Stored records
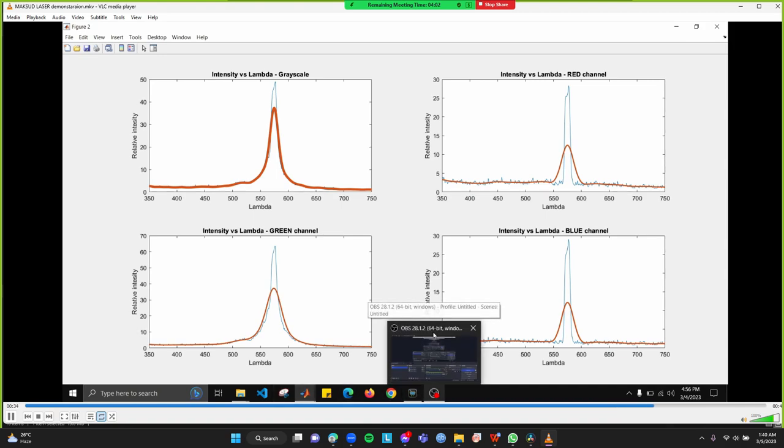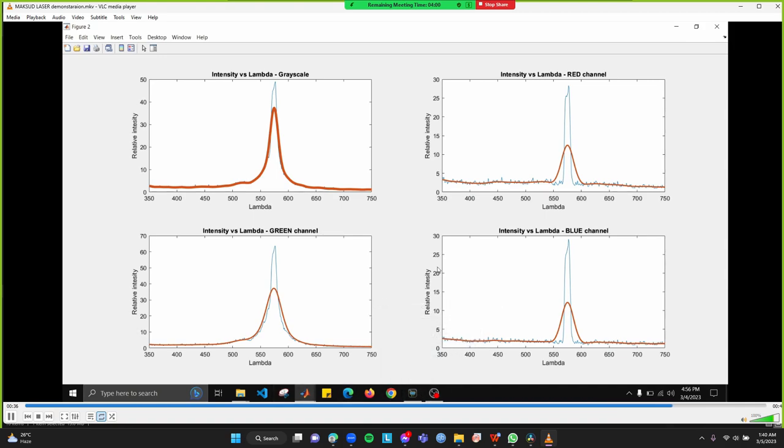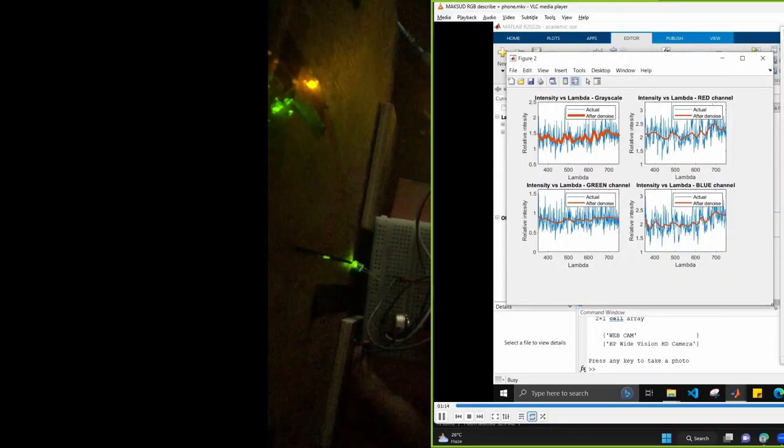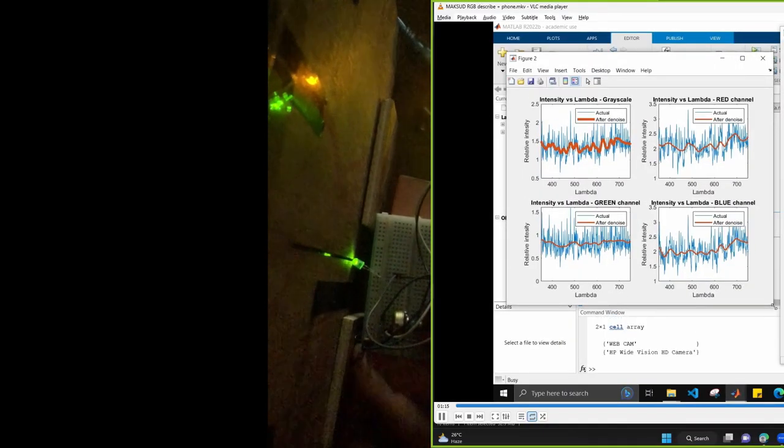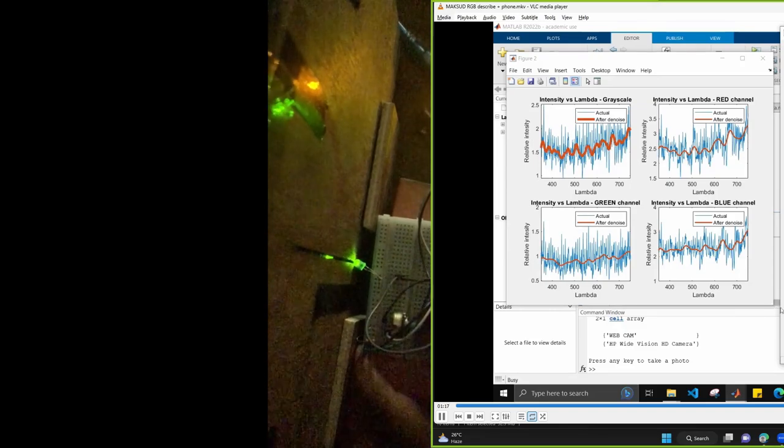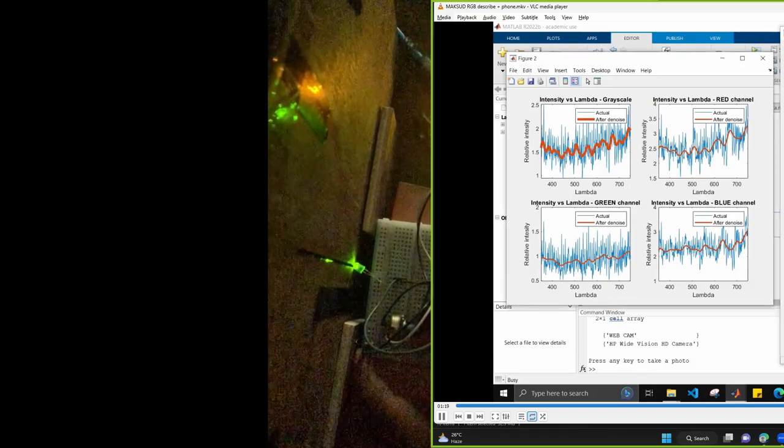And in our software, we can look at each of the portion. At first, for zero intensity, we can find out the noise part will come up. Then we increase the intensity of the light.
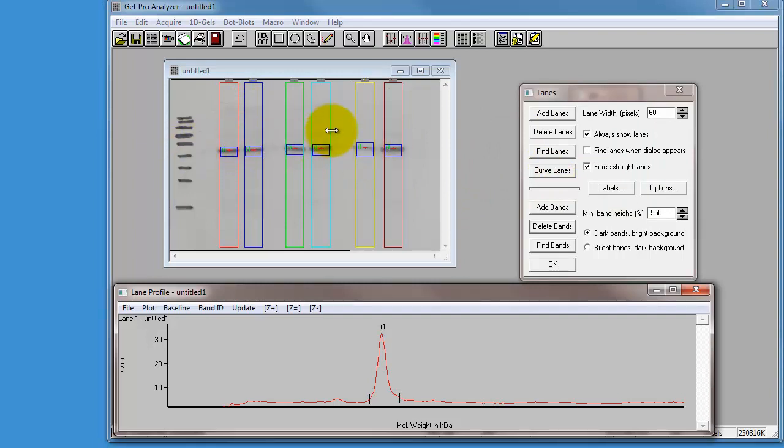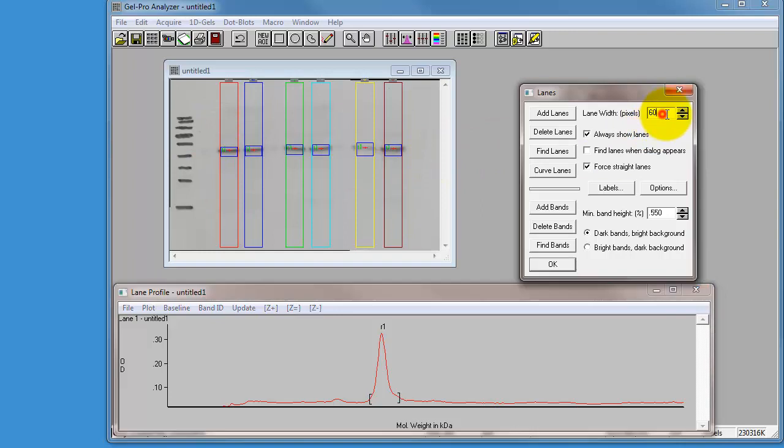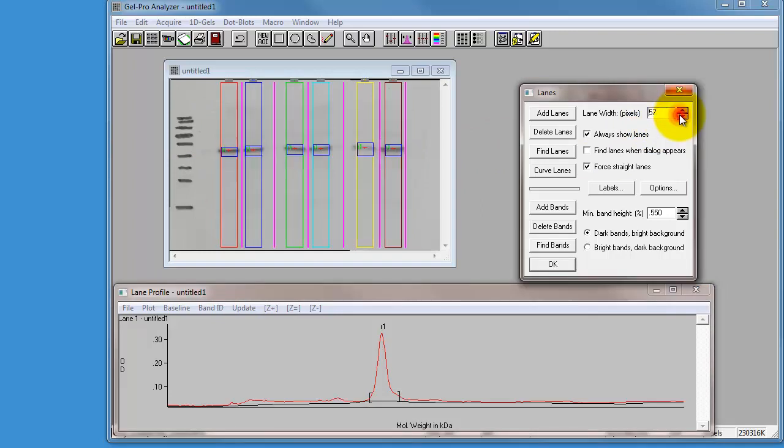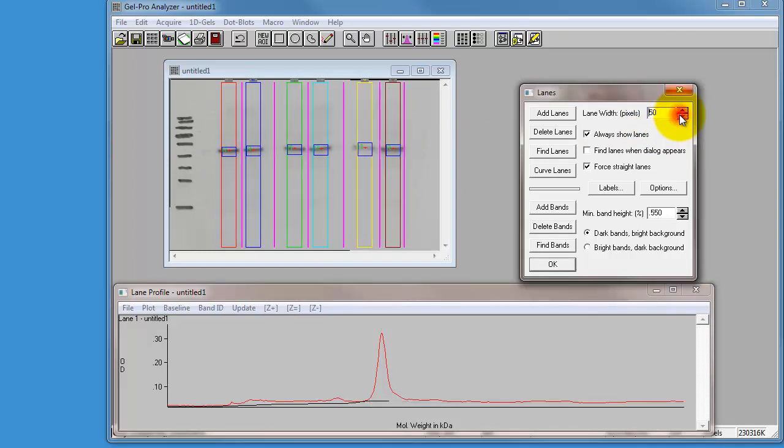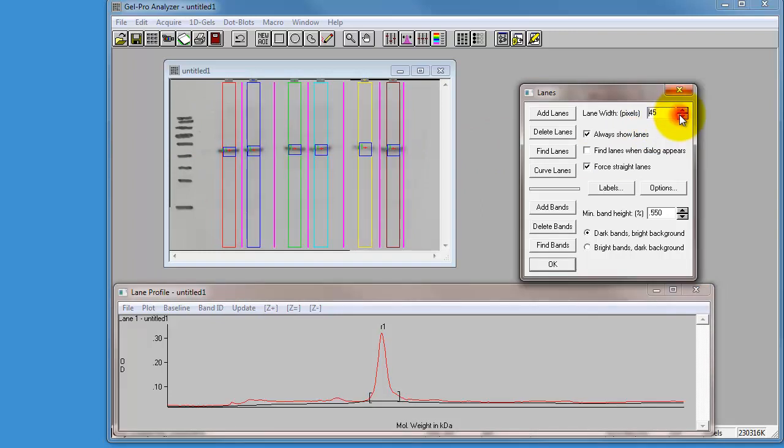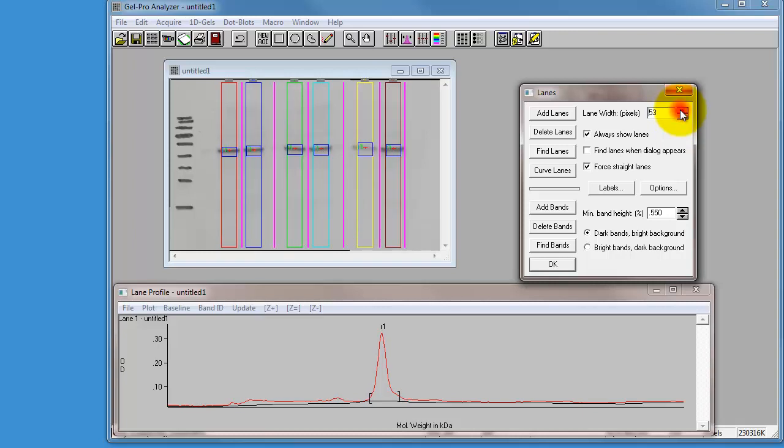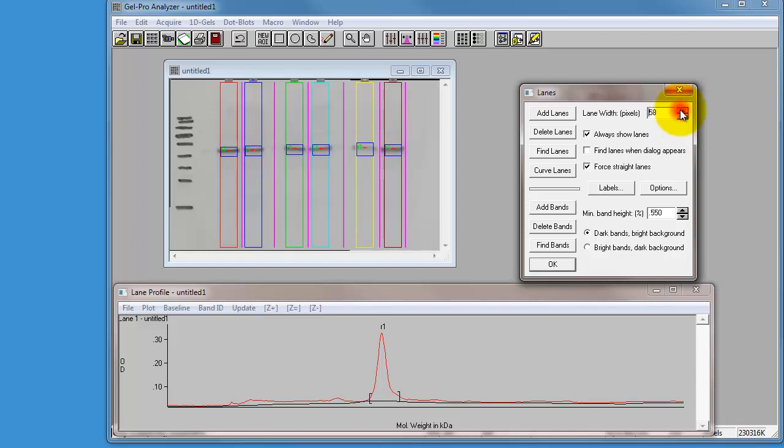You'll notice that the lane width was set at what it says here, at 60 pixels. That just happens to be the right width for this western. You may find that some of your westerns need narrower. I can click this down to make a narrower lane, or click it up to make a slightly wider lane. I'm going to leave that at 60.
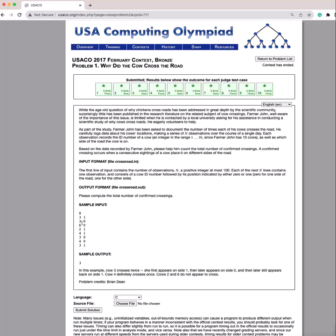And so if you look in the sample input, you see that the 3 changes from a 1 to a 0, and that signifies that the cow has crossed the road. So basically the approach to this problem is just finding any time the position changes and you can increment the answer by 1.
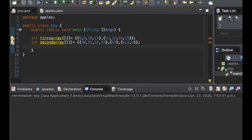Hey, what's going on guys. In my last video I created a multi-dimensional array. Here I'm going to show you how to display these arrays on a table.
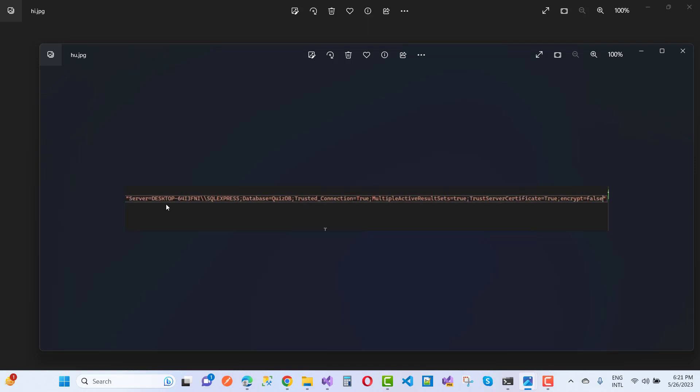Server is your database engine name, which you can check in SQL Server Management Studio. Database is where you want to connect in the database engine. Trusted connection equals true means Windows security is enabled by default. If it's not enabled, you can use username and password instead.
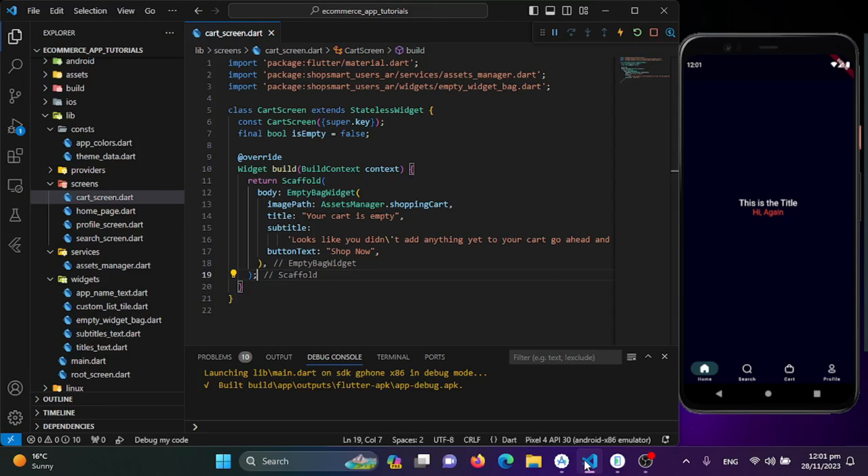Hello everyone, welcome back to our Flutter and Firebase Mastery series on Baloch Dev YouTube channel. I am Anoma Nisa, and today we are going to enhance our cart screen by adding some cool features and improvements. Let's dive right into the code.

GOAL OF THE EXERCISE:
The line containing "You'll notice that" and every line after it, through the end of the data, are to be output exactly. Omit the pictures.

OUTPUT:
You'll notice that the lane width was set at what it says here, at 60 pixels. That just happens to be the right width for this western. You may find that some of your westerns need narrower. I can click this down to make a narrower lane, or click it up to make a slightly wider lane. I'm going to leave that at 60.
And so if you look in the sample input, you see that the 3 changes from a 1 to a 0, and that signifies that the cow has crossed the road. So basically the approach to this problem is just finding any time the position changes and you can increment the answer by 1.
Hey, what's going on guys. In my last video I created a multi-dimensional array. Here I'm going to show you how to display these arrays on a table.
Server is your database engine name, which you can check in SQL Server Management Studio. Database is where you want to connect in the database engine. Trusted connection equals true means Windows security is enabled by default. If it's not enabled, you can use username and password instead.
Hello everyone, welcome back to our Flutter and Firebase Mastery series on Baloch Dev YouTube channel. I am Anoma Nisa, and today we are going to enhance our cart screen by adding some cool features and improvements. Let's dive right into the code.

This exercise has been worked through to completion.